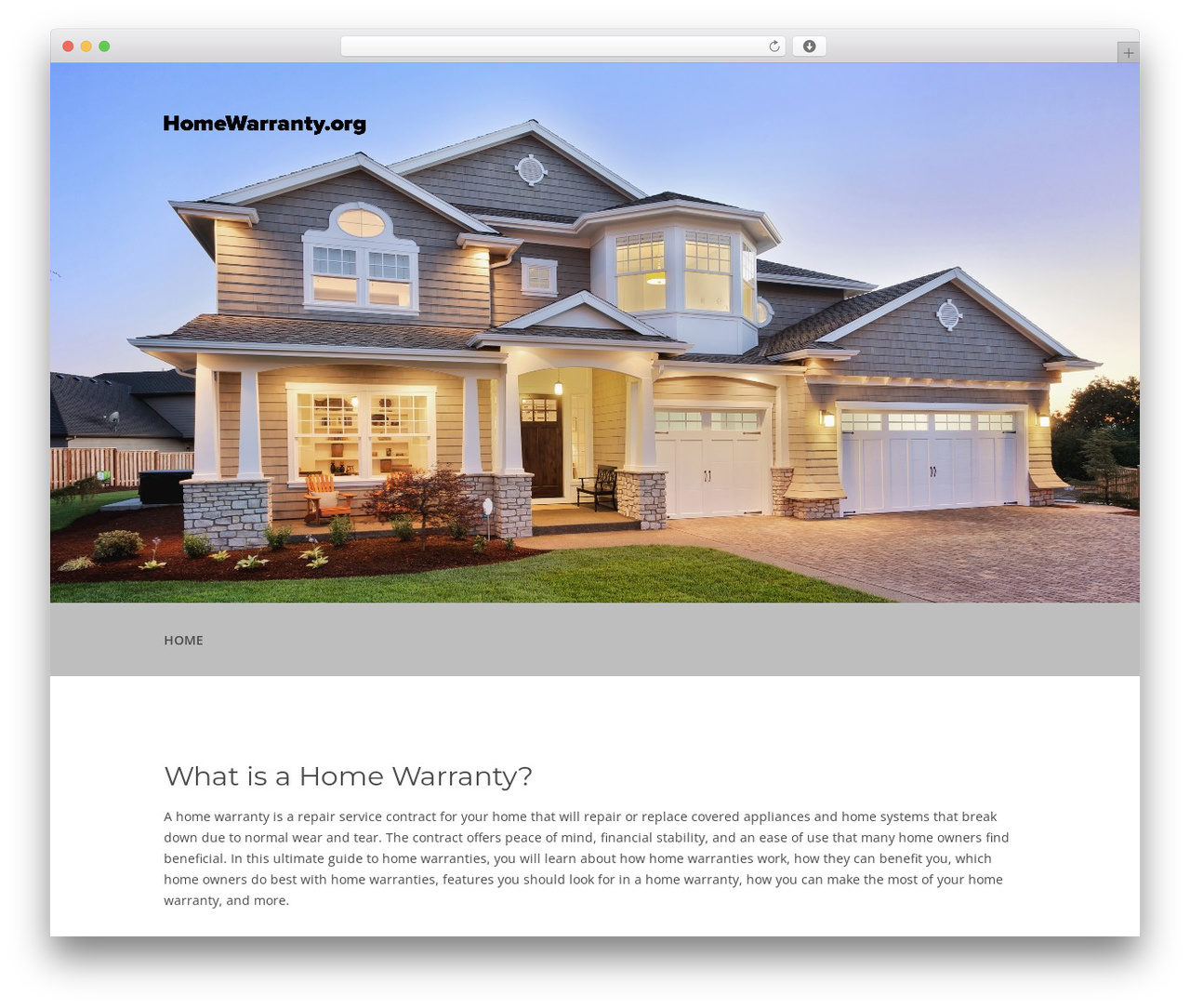 WordPress theme FirstOne OnePage WordPress Theme - homewarranty.org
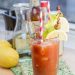 Bloody Mary with garnishes.
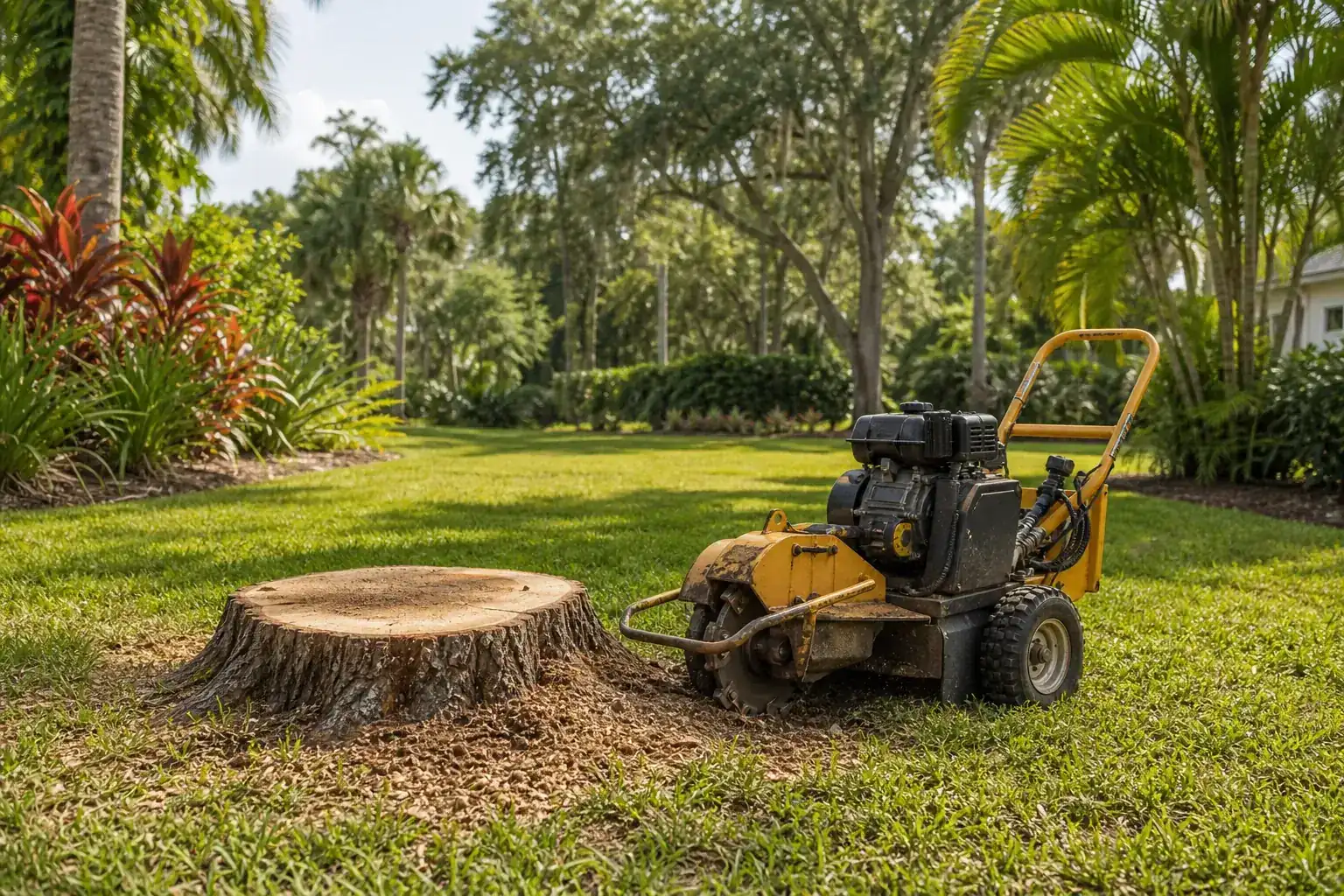 Tree stump and stump grinder in a Florida yard for why stump grinding should come before new sod Tree stump and stump grinder in a Florida yard for why stump grinding should come before new sod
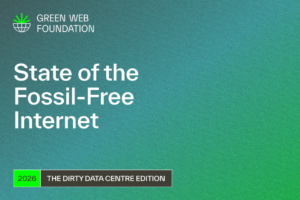 A calming green to dark blue gradient with the text: "State of the Fossil Free Internet - 2026 - the dirty datacentre edition"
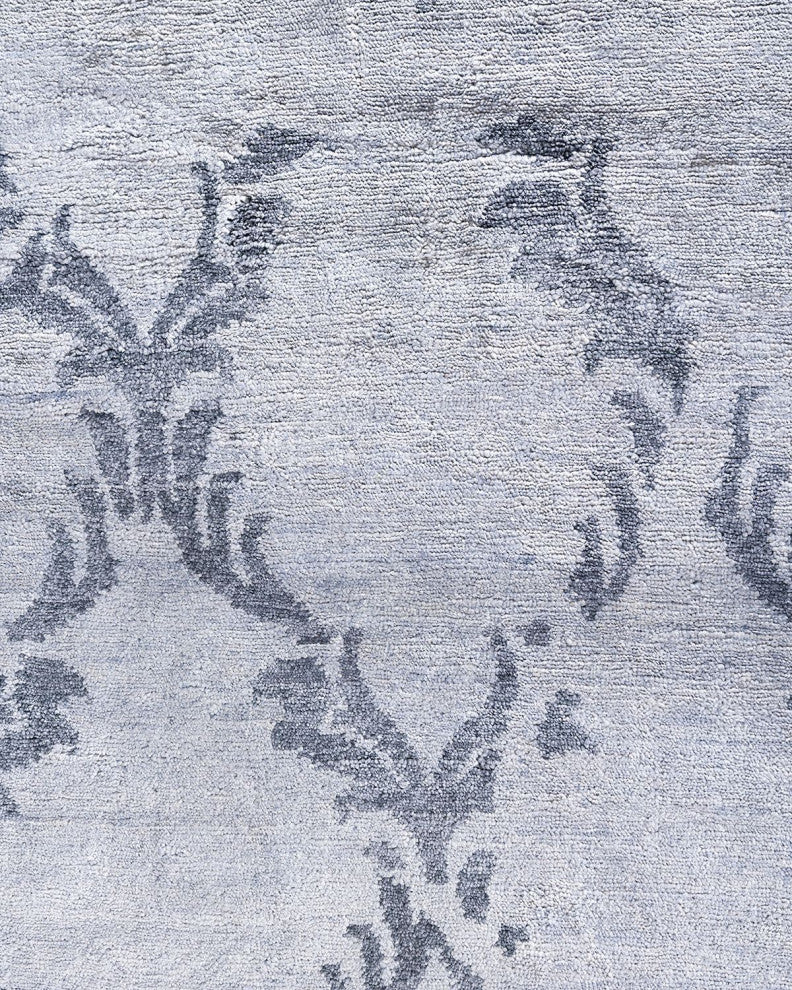 Modern, One-of-a-Kind Hand-Knotted Area Rug - Gray, 9' 0" x 11' 9"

» **What is needed**:
Pictures are not part of the copy. Reproduce the lines from the one with "Bloody Mary with garnishes." through the end of the listing above.

» **Result of the task**:
 Bloody Mary with garnishes.
 Tree stump and stump grinder in a Florida yard for why stump grinding should come before new sod Tree stump and stump grinder in a Florida yard for why stump grinding should come before new sod
 A calming green to dark blue gradient with the text: "State of the Fossil Free Internet - 2026 - the dirty datacentre edition"
 Modern, One-of-a-Kind Hand-Knotted Area Rug - Gray, 9' 0" x 11' 9"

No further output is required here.